Sunday, September 09, 2007
Saint of 9/11; Mother Theresa: films about Biblical charity
Netflix, with its brand Red Envelope Films, offers a documentary that may be the only significant feature film that covers both the 9/11 tragedy in New York City, and the history of the AIDS epidemic. The film is Saint of 9/11, directed by Glenn Holsten, 91 min, produced with Equality Forum. The DVD has a conventional 1.85 to 1 format.
The film is a biography of Franciscan priest Father Mychal Judge, a chaplain for the New York City Fire Department. He died ministering to fireman during the 9/11 attacks when the South Tower collapsed. The early part of the film does review that tragic morning.
The middle part of the of the film gives a biography of his religious and, somewhat, his personal life as a very private gay man. He would “come out” gently, although to the consternation of a few others around him, and eventually become very active in ministering to PWA’s. The film reviews many of the headlines in the 1980s as the new epidemic unfolded.
Eventually Congress would pass and President Bush would sign the Mychal Judge Police and Fire Chaplains Public Safety Officers’ Benefit Act of 2002 (P.L. 107-196, commonly known as the “Mychal Judge Act”).

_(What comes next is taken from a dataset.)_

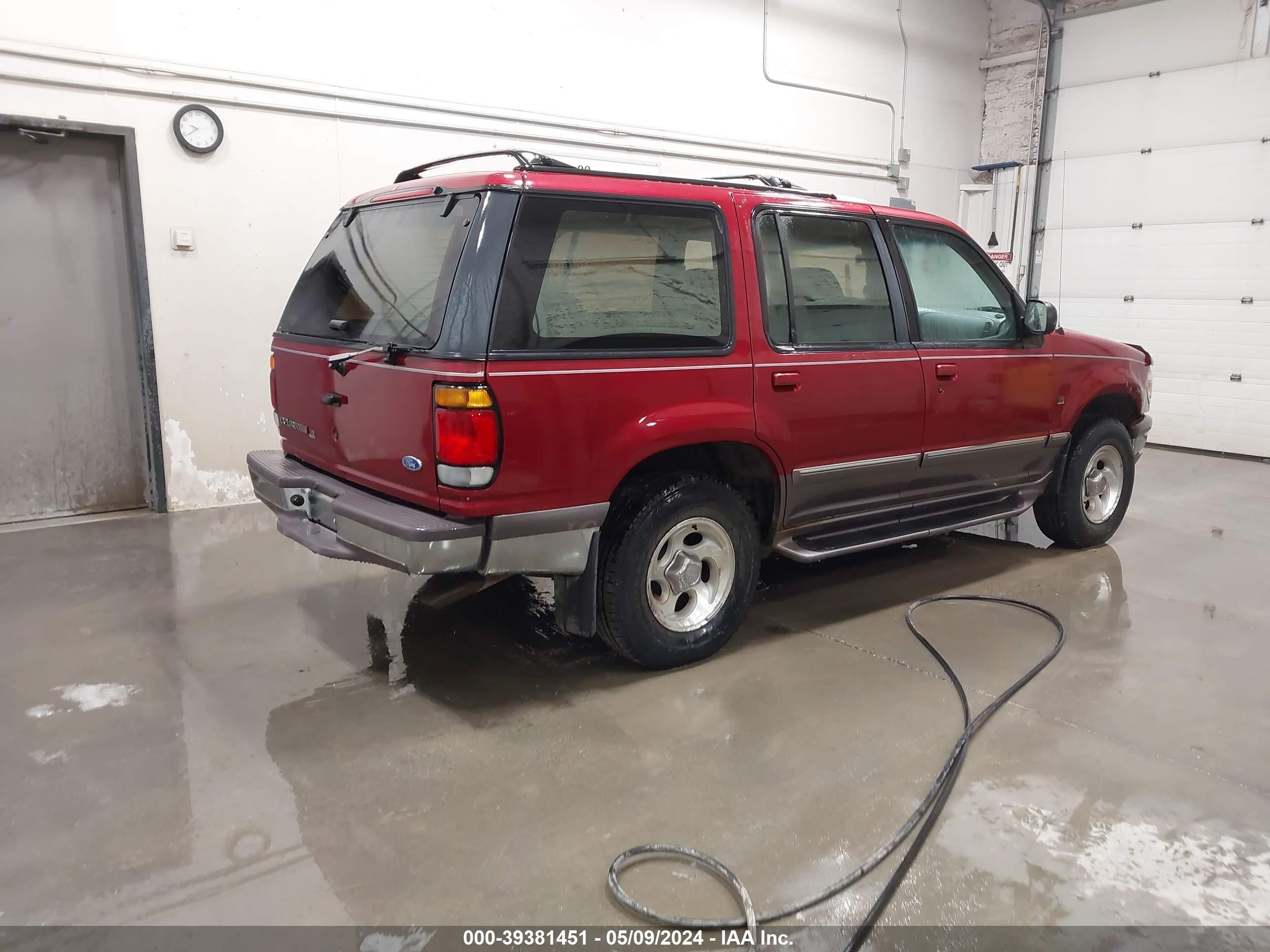 Photo 3 VIN: 1FMDU35P8TUC93619 - FORD EXPLORER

The law is supposed to prove a $250000 benefit for anyone “most likely to suffer financially” to a policeman, fireman, or similar official killed in the line of duty, made retroactive to Sept. 11. If has been criticized for not always providing benefits to GLBT partners (look at Cynthia Wade’s film “Freeheld” on this blog June 17). Here is a discussion from the National Center for Lesbian rights. (Link: Here is a discussion from the International Association of Fire Chiefs. Link:
Here is an account by Richard Goldstein in the Village Voice, July 17, 2002, Link:
A related film from 2003 might be Mother Theresa of Calcutta (Italian title: “Madre Theresa”, from Lux, directed by Fabrizio Costa, in English, at least on DVD). This is a somewhat perfunctory biography of Mother Theresa, and some attention is paid to the financial “scandal” that she stumbled into. The media has made much of her (according to her diaries or journals) own crisis of faith, and she mentions it toward the end of the film. She also blasts the “culture of indifference” of our capitalist culture, as she indicates that her own highest calling is to serve the poor without intellectual question.
About the same time I watched Forgiving Dr. Mendele, 2006, First Run Features, dir. Bob Hercules and Cheri Pugh, 82 min) about two twin sisters who survived horrifying eugenics experiments at Auschwitz (the (Pittsburgh) Andy Warhol Museum, discussed in these movie and drama blogs in late May would have an exhibit on that early this year). But the main point of this film was the public debate over the decision of Eva Moses Kor to forgive the infamous Nazi doctor. The theological meaning of forgiveness comes into discussion and takes up much of the film.
This is a good place to mention Bernadette, (1988, Cannon, dir. Jean Delannoy) which I saw in 2001 in Lourdes France. This is the story of Bernadette, son of an unemployed miller, who apparently sees the Virgin Mary in the Massabielle Grotto in 1857. I saw the movie in Italian with German subtitles; it was offered in various combinations.
Picture: From the National Park Service museum at Chancellorsville Battlefield in Spotsylvania County, Va. At this Center one can see a 22 minute film on the battle, with a similar film at the Fredericksburg museum nearby. The full length DVD’s are very expensive and apparently not available outside of the NPS visitors centers.